My experiments have been in a bid to find a law which governs the increase that is exhibited by bodies as they fall. My inclined-plane experiments for relating time of fall to distance travelled have been most success. For the measurement of time, I employed a large vessel of water which I placed at an elevated position.

At the bottom of the vessel, there was placed a pipe of small diameter which gave a thin jet of water which was collected in a small glass (Gilbert & Smith, 1997). The water collected was weighted after each descent therefore providing the basis for my time keeping. By use of the water clock, I could compare the time that the object took to travel each distance (Nova, 2010).

I must pay homage to Doctor Santorio whose usage of the pendulum in the medical field was a breakthrough and heightened my interest in researching the various properties of the pendulum. Dr. Santorio adapted the pendulum to enable medical practitioners measure a person’s pulse rate (Mulcahy, 1997).

As you may recall, during the 1960s, Dr. Santorio used the pendulum to enable him to compare the pulse beats of patients within a certain period of time. He did this by building a pendulum and synchronizing its movements to the pulse beat of a patient by increasing or decreasing the length of the pendulum. A comparison of the patients pulse beat could then be made over a period of time to gauge recovery. I believe that this application of the pendulum is just but a tip in the iceberg of the potential that this instrument holds.

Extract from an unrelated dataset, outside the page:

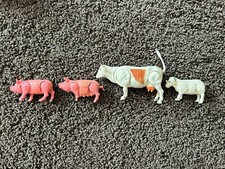 Lot of Vintage Plastic Animals Sheep Pig Cow Hong Kong farm hard plastic 2-4"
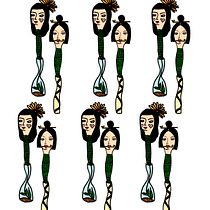 Proyecto Personal: Monstruas del jarrón - Diseño de estampados textiles. Design, and Traditional illustration project by Tania Suárez Castellano - 05.09.2020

While it pains me that I will not live to complete my lifelong dream of inventing an accurate time machine or even see the ideas implemented by another person, I am satisfied with the role that I have played in this revolutionary discovery and I am certain that history will remember me for my contribution.

Through the careful documentation of my ideas, I hope that others will pick up from where I have left off and come up with an accurate mechanical clock that will ideally revolutionalize timekeeping forever. I have no doubt that my invention will in future enable major advances to be made in astronomy, mechanics and other sciences for the good of humanity.

References

Gilbert, H. & Smith, D.G. (1997). Gravity, the glue of the universe: history and activities. Libraries Unlimited.

Hopwood, J. J. (1947). The growth of physical science. CUP Archive.

Matthews, R. M. (2000). Time for science education: how teaching the history and philosophy of pendulum motion can contribute to science literacy. Springer.

Mulcahy, R. (1997). Medical Technology: Inventing the Instruments. The Oliver Press, Inc.